La producción masiva de malestar social es
una condición inherente a la reproducción del capital, escribe el nombrado Exposto en el libro en
cuestión editado por La docta ignorancia. Asocio la frase a una analogía que propone
César González en El fetichismo de la
marginalidad (Sudestada, 2021), otra lectura de receso invernal: citando al
Marx de “Elogio del crimen”, recupera ahí la hipótesis de que el delincuente es
alguien que produce riqueza. El ladrón, según el planteo, produce al sistema
judicial-legal-criminal-policial que “vive” de la delincuencia, así como están
los cineastas blancos que hacen carrera con la tematización de la marginalidad
carcelaria, villera, etcétera. En esa misma línea, cabría preguntarnos: ¿quiénes
“viven” de nuestros malestares?, ¿cuál es la plusvalía que produce el malestar?
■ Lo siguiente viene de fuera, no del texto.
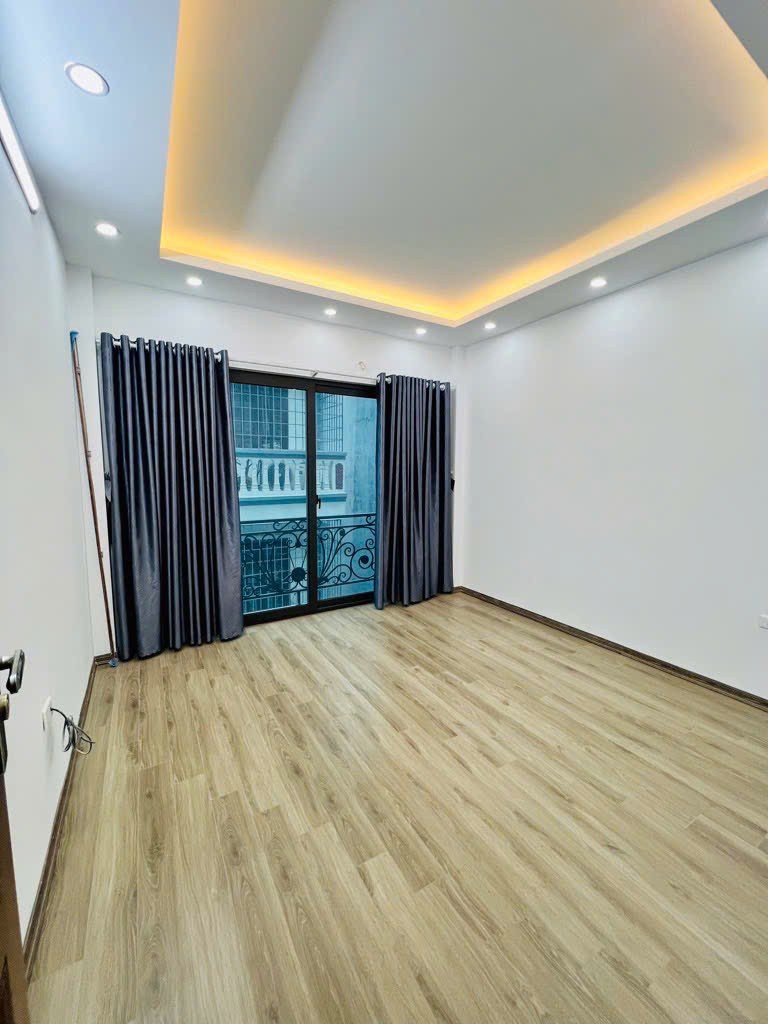 CĂN GÓC 35m2 NHỈNH 5 TỶ - MỚI TINH - Ô TÔ ĐỖ GẦN ,SIÊU THOÁNG ,AN SINH ĐỈNH 2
Volviendo a las máquinas psíquicas. Hay,
se afirma, una privatización neoliberal del padecimiento. Una
neo-liberalización que entiendo en un sentido doble. Por un lado, cada uno de
nosotros, como buen empresario de sí, haciendo números y calculando qué tanto
malestar le va resultando rendidor manejar. Por otro, cada uno, meritócrata al
fin, haciendo méritos (yendo a terapias, tratándose, etc.) para ganarle
individualmente a su padecer. Otro de los interrogantes que recupera el libro
entonces, parafraseando a Paul Preciado, sería, ¿cómo convertir la desafección
privatizada en rabia politizada?
Las crisis ecológicas, económicas y
sanitarias conviven con crisis subjetivas, se lee ni bien comienza el primero
de los cuatro capítulos. La economía política y la economía libidinal son, así,
una y la misma. La precariedad es laboral y al mismo tiempo psico-emocional. El
Colectivo Juguetes Perdidos, sin ir más lejos, en Quién lleva la gorra (Tinta Limón, 2014), sostenía que cada época
funda sus propias formas de terror. Y que, como la precariedad es totalitaria, porque
no queda nada por fuera, la forma de nuestra época es el “terror anímico”. ¿Cuál
sería un criterio para medir nuestra pertenencia a una clase social hoy, bajo
esa perspectiva? Mapeando qué tan expuestos o no quedamos ante ese terror, o
sea, qué tan cerca o tan lejos nos quedan (material y simbólicamente) los
dispositivos médico-yoguico-espirituales del poder terapéutico. En ese punto, claramente,
no sería lo mismo la vida en una barriada popular que la socialización copada hiperurbana
de una clase media.
La crítica y los diagnósticos podrían ser
continuaciones de la lógica de la opinión mediática por otros medios. Sin
embargo, el autor repone constantemente la fuerza de aquello que no encaja, que
no acepta. Colectivos de salud mental que activan, movidas territoriales en
gestación, movimientos de mujeres. Lo que se resiste, afirma, produce afectos,
sentidos y saberes. Tiene, agrega, una eficacia sanadora para nuestras vidas ya
que “sólo a través de las luchas podemos descifrar quiénes somos y en qué nos
estamos transformando”. Al respecto, y como leí últimamente en algún otro
proyecto, textual: ¿qué estrategias psicopolíticas se están creando en nuestra
capacidad de cuidarnos, pensar, actuar y disfrutar en común?, ¿cómo
reapropiarnos de la fuerza insumisa de nuestros síntomas?